It's a basic Chinese restaurant in the current New Orleans style--which is to say the style of 1990 in New York or San Francisco. The catalog-like menu lists every standard dish you've heard of, but nothing really ambitious. It ends with some attractively-priced complete dinner specials.
The original occupant of this restaurant, in the 1970s, was Andy Tsai's Dragon's Garden, a groundbreaker for Chinese food in New Orleans. It introduced local eaters to hot and sour soup, Peking duck, spicy Szechuan and Mandarin cooking, and a gourmet style. Until that time most Chinese restaurants here were Americanized Cantonese.

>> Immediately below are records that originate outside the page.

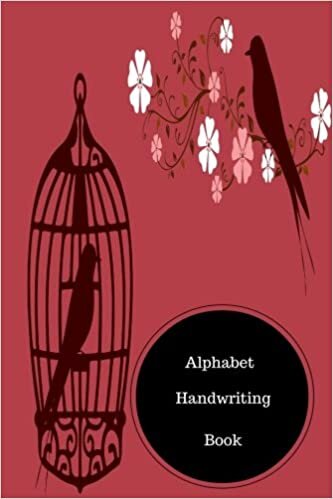 okumak Alphabet Handwriting Book: Cursive Writing Alphabet Practice Sheets. Handy 6 in by 9 in Notebook Journal. A B C in Uppercase &amp; Lower Case. Dotted, With Arrows And Plain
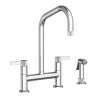Newport Brass Pardees(R): Kitchen Bridge Faucet with Side Spray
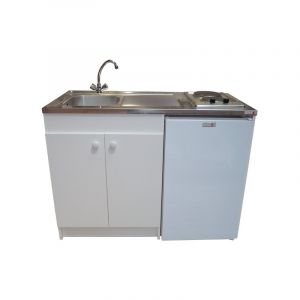 Kitchenette bois compl&egrave;te avec r&eacute;frig&eacute;rateur 110 l 1200 mm 76 kg 1 pi&egrave;ce(s) 600 mm kitchenette kitchenette bois compl&egrave;te avec r&eacute;frig&eacute;rateur 110 l 890
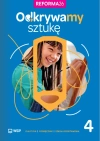Odkrywamy sztukę. Plastyka. Podręcznik. Szkoła podstawowa. Klasa 4 - zdjęcie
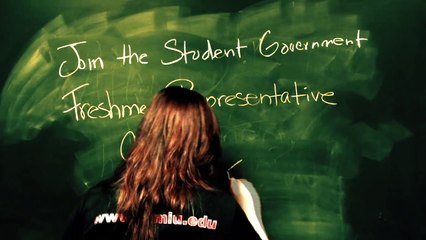 TAMIU SGA Freshman Representative Council Promo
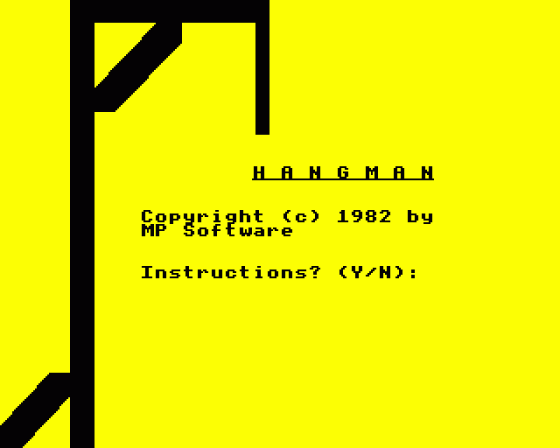 Hangman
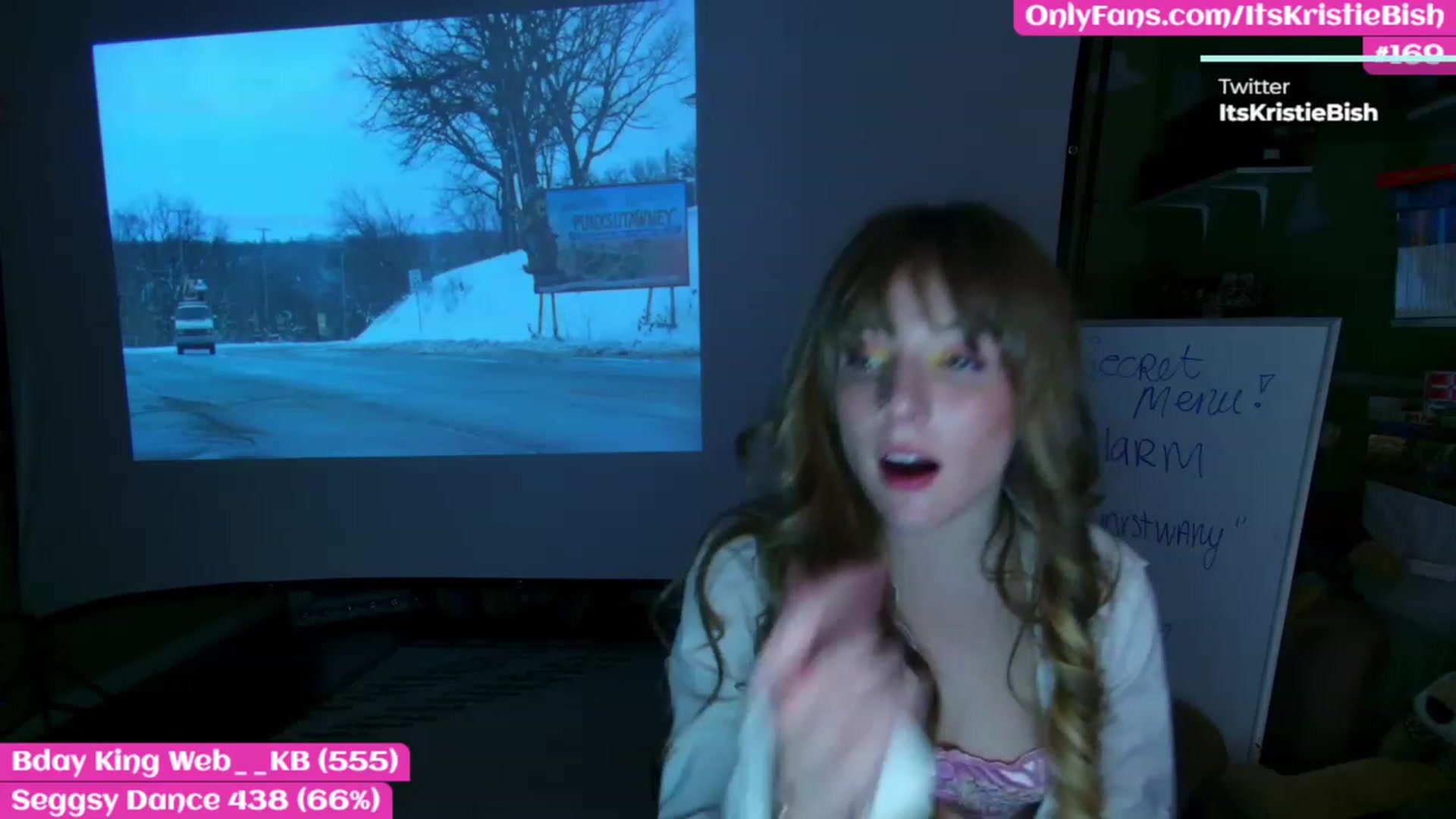 Gallery image thumbnail from KristieBish's myfreecams stream on, 02/03/2023, 08:35 image 3 of 20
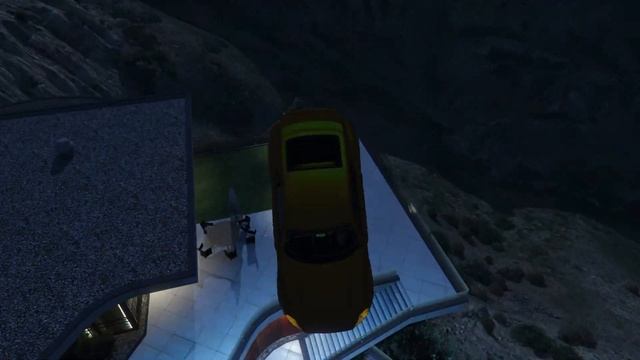Annis 300R VS Vigilantes! | GTA Manhunt смотреть онлайн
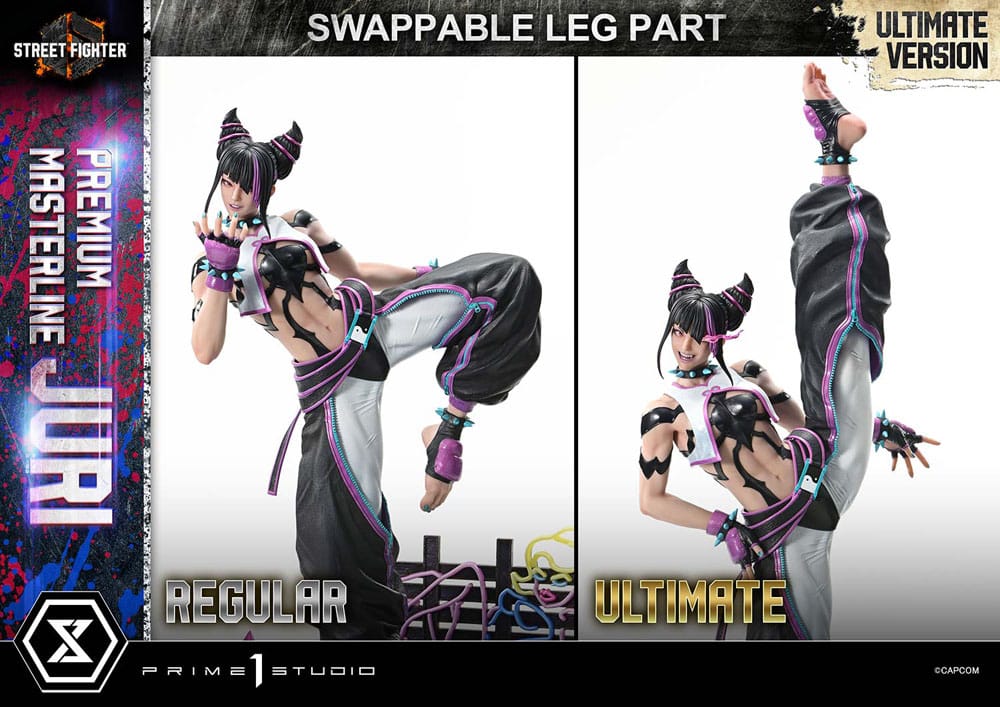 [PREORDINE] Street Fighter 6 Statua 1/4 Juri Ultimate Bonus Version 58 cm - Prime 1 Studio - Statue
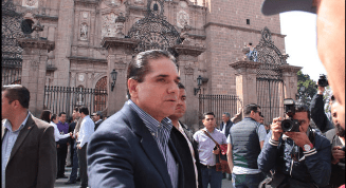 Ya estuvo de actitudes violentas de la CNTE en Michoacán: Silvano Aureoles. Con López Dóriga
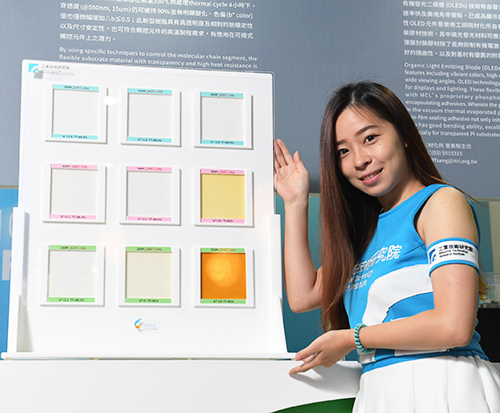 High Temperature (350◦C) Flexible Transparent Substrate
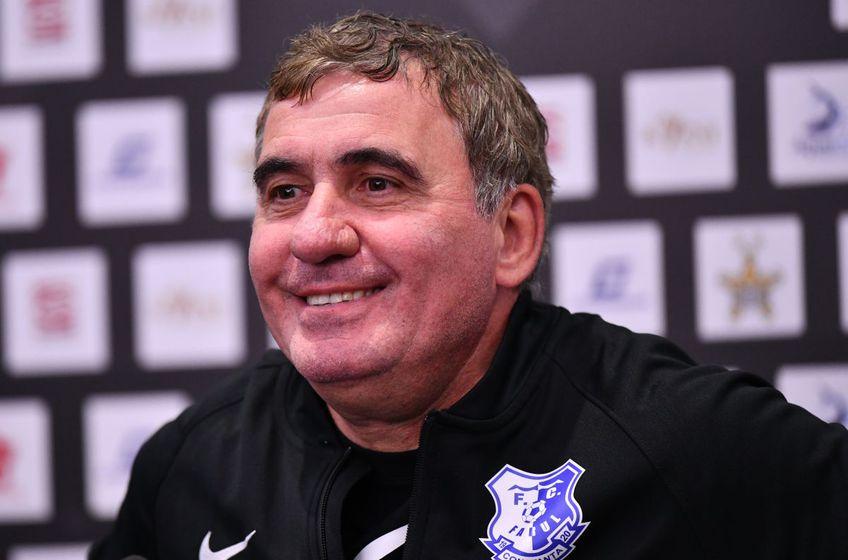 Învins de FCSB, 0-1, Gică Hagi, managerul tehnic al Farului, s-a declarat impresionat de portarul Ștefan Târnovanu (23 de ani).
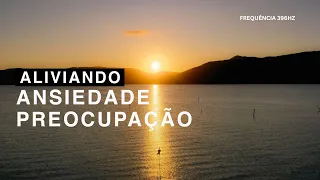 Limpa o subconsciente da ansiedade, medo e preocupação 396hz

This was the best Chinese restaurant in town until Andy sold it, after which it declined for decades. The current restaurant took over in 2001, performed a much-needed renovation, and brought the food up--although not to what it was in the glory years.
The dining room on the right as you enter is the handsomest and most comfortable. The decor is classic Chinese, with dark wood, large paintings, and beautiful, unclothed tables. It's just past a sushi bar that has never been in operation when I was dining there. The busy time is at lunch, with a lot of trade from the nearby office buildings. It's pretty quiet at night.
As in all Chinese restaurants, the best way to dine is with a number of people, with a lot of contract among the dishes ordered. Four entrees will serve five or maybe six.